Output, word for word, the lines of this listing that fall between the line with "a house with" and the line with "A kitchen with", counting both of those lines, and no others.

━━━━━ DATA FOR THE TASK ━━━━━

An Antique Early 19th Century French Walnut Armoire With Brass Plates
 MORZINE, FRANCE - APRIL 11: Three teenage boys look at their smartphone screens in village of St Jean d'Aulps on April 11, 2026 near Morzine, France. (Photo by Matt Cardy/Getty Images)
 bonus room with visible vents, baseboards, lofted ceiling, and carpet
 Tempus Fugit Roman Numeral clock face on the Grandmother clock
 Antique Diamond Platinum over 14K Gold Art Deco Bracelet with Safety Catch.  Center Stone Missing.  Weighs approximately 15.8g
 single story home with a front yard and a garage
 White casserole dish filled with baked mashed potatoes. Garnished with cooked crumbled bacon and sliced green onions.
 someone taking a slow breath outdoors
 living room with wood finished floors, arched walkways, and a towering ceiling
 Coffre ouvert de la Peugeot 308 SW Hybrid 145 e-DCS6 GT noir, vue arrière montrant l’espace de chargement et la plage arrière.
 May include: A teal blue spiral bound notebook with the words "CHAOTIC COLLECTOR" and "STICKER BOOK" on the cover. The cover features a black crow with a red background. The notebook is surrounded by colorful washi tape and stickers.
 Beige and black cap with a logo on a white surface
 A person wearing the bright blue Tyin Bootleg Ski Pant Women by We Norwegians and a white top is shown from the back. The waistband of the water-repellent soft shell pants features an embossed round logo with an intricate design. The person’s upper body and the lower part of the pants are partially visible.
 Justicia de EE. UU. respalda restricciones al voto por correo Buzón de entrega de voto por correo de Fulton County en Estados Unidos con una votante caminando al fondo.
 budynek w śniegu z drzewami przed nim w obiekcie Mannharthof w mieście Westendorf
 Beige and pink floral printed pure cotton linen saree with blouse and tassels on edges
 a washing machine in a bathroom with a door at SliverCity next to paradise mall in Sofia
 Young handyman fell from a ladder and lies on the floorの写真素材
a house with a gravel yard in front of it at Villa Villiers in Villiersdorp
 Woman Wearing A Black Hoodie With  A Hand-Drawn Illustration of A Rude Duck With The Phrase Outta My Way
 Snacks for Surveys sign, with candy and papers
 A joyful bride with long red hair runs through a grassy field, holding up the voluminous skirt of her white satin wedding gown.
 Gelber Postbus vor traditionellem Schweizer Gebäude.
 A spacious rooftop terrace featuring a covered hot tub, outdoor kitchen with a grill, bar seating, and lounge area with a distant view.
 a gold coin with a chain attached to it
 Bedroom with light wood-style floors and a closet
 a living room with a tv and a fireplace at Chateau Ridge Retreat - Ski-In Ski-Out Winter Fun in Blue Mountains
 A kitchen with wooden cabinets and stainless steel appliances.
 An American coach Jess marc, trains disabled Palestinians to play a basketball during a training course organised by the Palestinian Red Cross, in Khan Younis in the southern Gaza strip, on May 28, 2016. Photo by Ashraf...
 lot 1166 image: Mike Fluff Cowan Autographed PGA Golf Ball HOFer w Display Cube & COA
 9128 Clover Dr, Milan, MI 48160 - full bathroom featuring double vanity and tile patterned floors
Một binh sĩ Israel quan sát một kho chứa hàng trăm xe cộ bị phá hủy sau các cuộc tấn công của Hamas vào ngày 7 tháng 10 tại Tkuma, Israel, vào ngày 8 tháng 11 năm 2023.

━━━━━

* ANSWER BOX
a house with a gravel yard in front of it at Villa Villiers in Villiersdorp
 Woman Wearing A Black Hoodie With  A Hand-Drawn Illustration of A Rude Duck With The Phrase Outta My Way
 Snacks for Surveys sign, with candy and papers
 A joyful bride with long red hair runs through a grassy field, holding up the voluminous skirt of her white satin wedding gown.
 Gelber Postbus vor traditionellem Schweizer Gebäude.
 A spacious rooftop terrace featuring a covered hot tub, outdoor kitchen with a grill, bar seating, and lounge area with a distant view.
 a gold coin with a chain attached to it
 Bedroom with light wood-style floors and a closet
 a living room with a tv and a fireplace at Chateau Ridge Retreat - Ski-In Ski-Out Winter Fun in Blue Mountains
 A kitchen with wooden cabinets and stainless steel appliances.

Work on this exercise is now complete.